A Combination of Culture Conditions and Gene Expression Analysis Can Be Used to Investigate and Predict hES Cell Differentiation Potential towards Male Gonadal Cells

Human embryonic stem cell differentiation towards various cell types belonging to ecto-, endo- and mesodermal cell lineages has been demonstrated, with high efficiency rates using standardized differentiation protocols. However, germ cell differentiation from human embryonic stem cells has been very inefficient so far. Even though the influence of various growth factors has been evaluated, the gene expression of different cell lines in relation to their differentiation potential has not yet been extensively examined. In this study, the potential of three male human embryonic stem cell lines to differentiate towards male gonadal cells was explored by analysing their gene expression profiles. The human embryonic stem cell lines were cultured for 14 days as monolayers on supporting human foreskin fibroblasts or as spheres in suspension, and were differentiated using BMP7, or spontaneous differentiation by omitting exogenous FGF2. TLDA analysis revealed that in the undifferentiated state, these cell lines have diverse mRNA profiles and exhibit significantly different potentials for differentiation towards the cell types present in the male gonads. This potential was associated with important factors directing the fate of the male primordial germ cells in vivo to form gonocytes, such as SOX17 or genes involved in the NODAL/ACTIVIN pathway, for example. Stimulation with BMP7 in suspension culture resulted in up-regulation of cytoplasmic SOX9 protein expression in all three lines. The observation that human embryonic stem cells differentiate towards germ and somatic cells after spontaneous and BMP7-induced stimulation in suspension emphasizes the important role of somatic cells in germ cell differentiation in vitro.
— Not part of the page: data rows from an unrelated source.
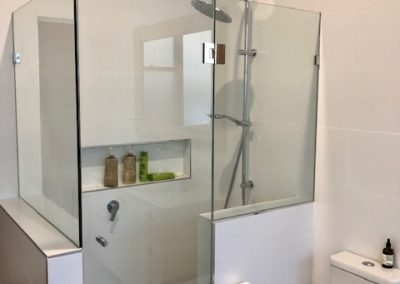 Flinders Bathroom - New Shower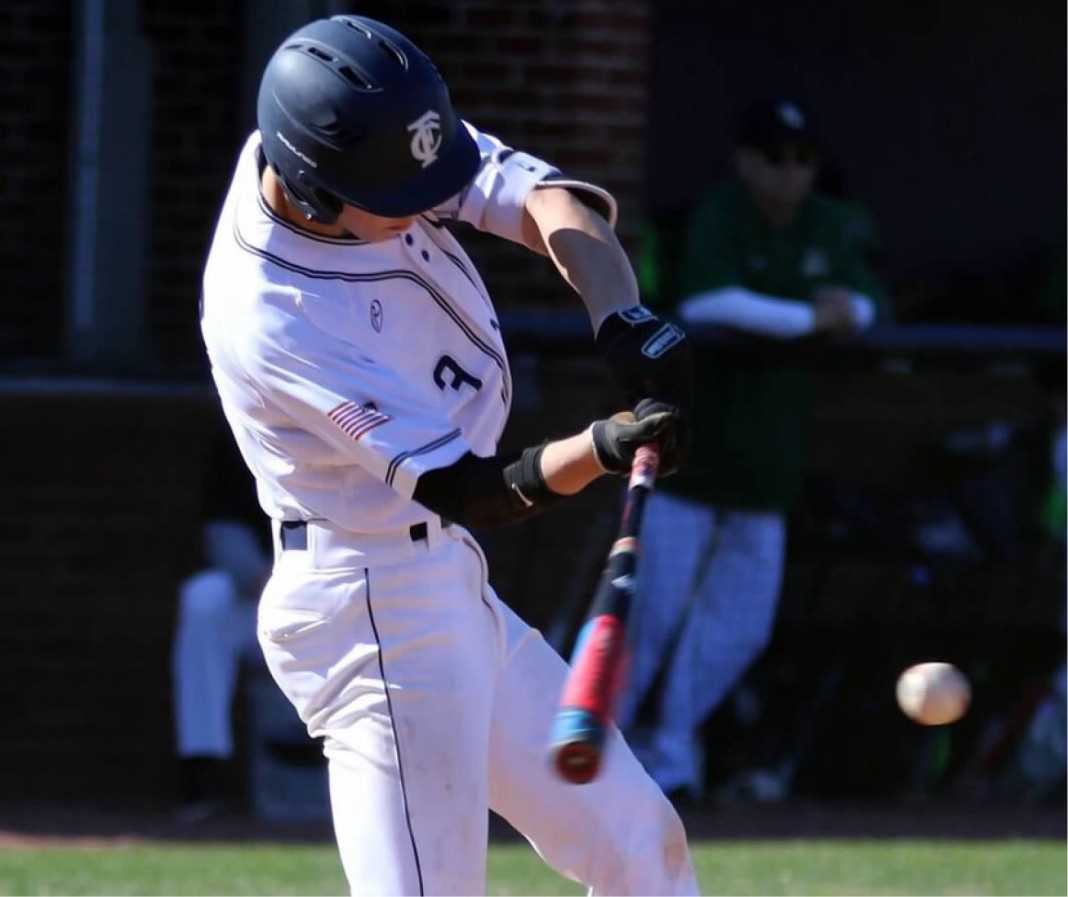 Fellowship Christian Baseball Standout Draws Inspiration From "Hammerin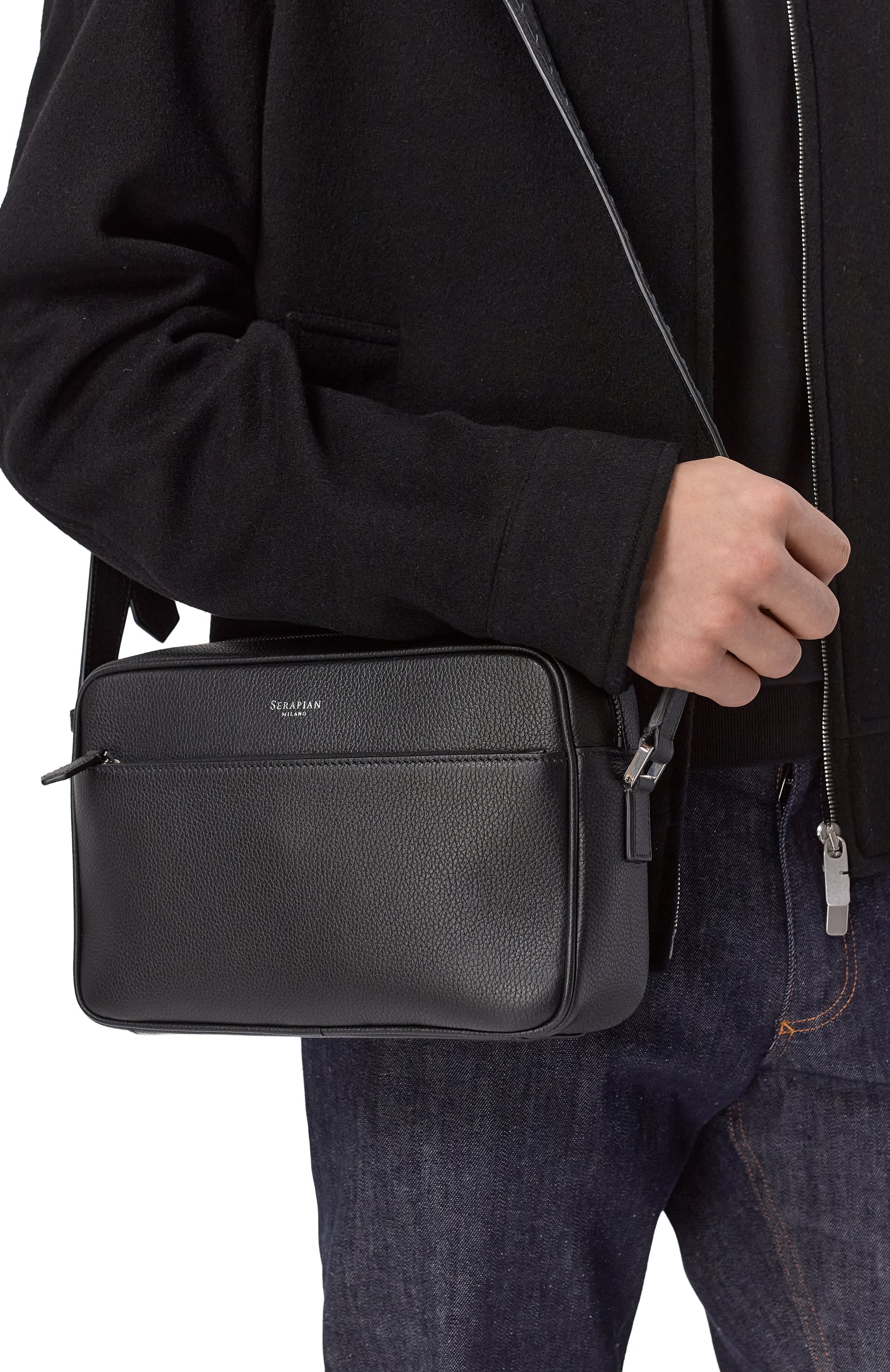 Сумка SERAPIAN MILANO, арт. SRCM0MML735925A, фото 2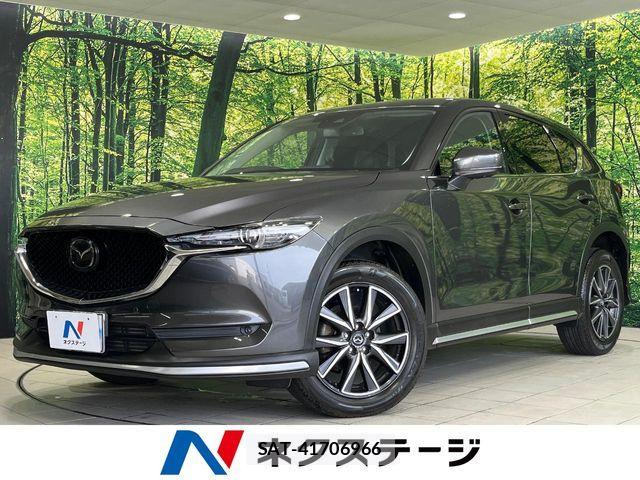 Mazda CX-5 2017-04 8314055-0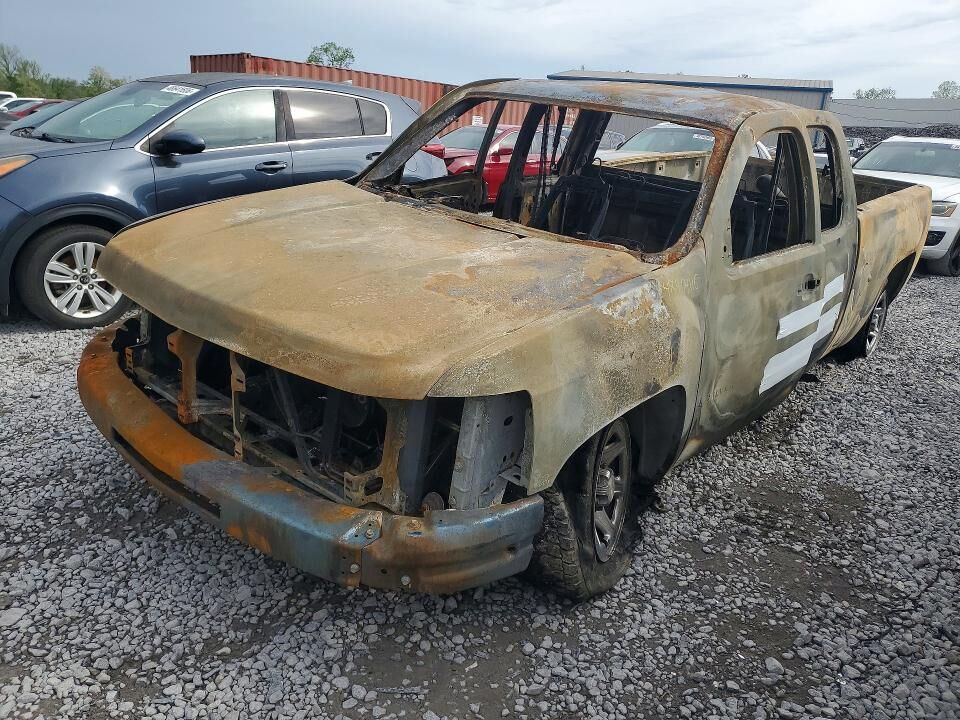 2009 CHEVROLET Silverado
本研究揭示了人类胚胎干细胞向胚外、内胚层和中胚层细胞谱系内多种细胞类型分化的可能性，并采用了标准化的分化方案，实现了高效率。然而，人类胚胎干细胞向生殖细胞分化的效率至今仍然较低。尽管已评估了多种生长因子的影响，但关于不同细胞系在分化潜能方面的基因表达尚未得到充分的探讨。在本研究中，通过分析三株男性人类胚胎干细胞的基因表达谱，探讨了它们向男性生殖细胞分化的潜力。这些人类胚胎干细胞系在支持性人类包皮成纤维细胞上以单层形式或悬浮球状形式培养14天，并使用BMP7进行分化，或通过省略外源性FGF2来实现自发分化。TLDA分析显示，在未分化状态下，这些细胞系具有多样的mRNA谱，并显示出向男性生殖腺中存在的细胞类型分化的显著不同潜能。这种潜能与诸如SOX17或参与NODAL/ACTIVIN途径的基因等重要因素相关，这些因素可指导男性原始生殖细胞在体内的命运，以形成精原细胞。例如，悬浮培养中BMP7的刺激导致所有三株细胞系中细胞质SOX9蛋白表达的上调。人类胚胎干细胞在悬浮培养中经自发和由BMP7诱导的刺激后分化为生殖细胞和体细胞，这一观察强调了体细胞在体外生殖细胞分化中的重要作用。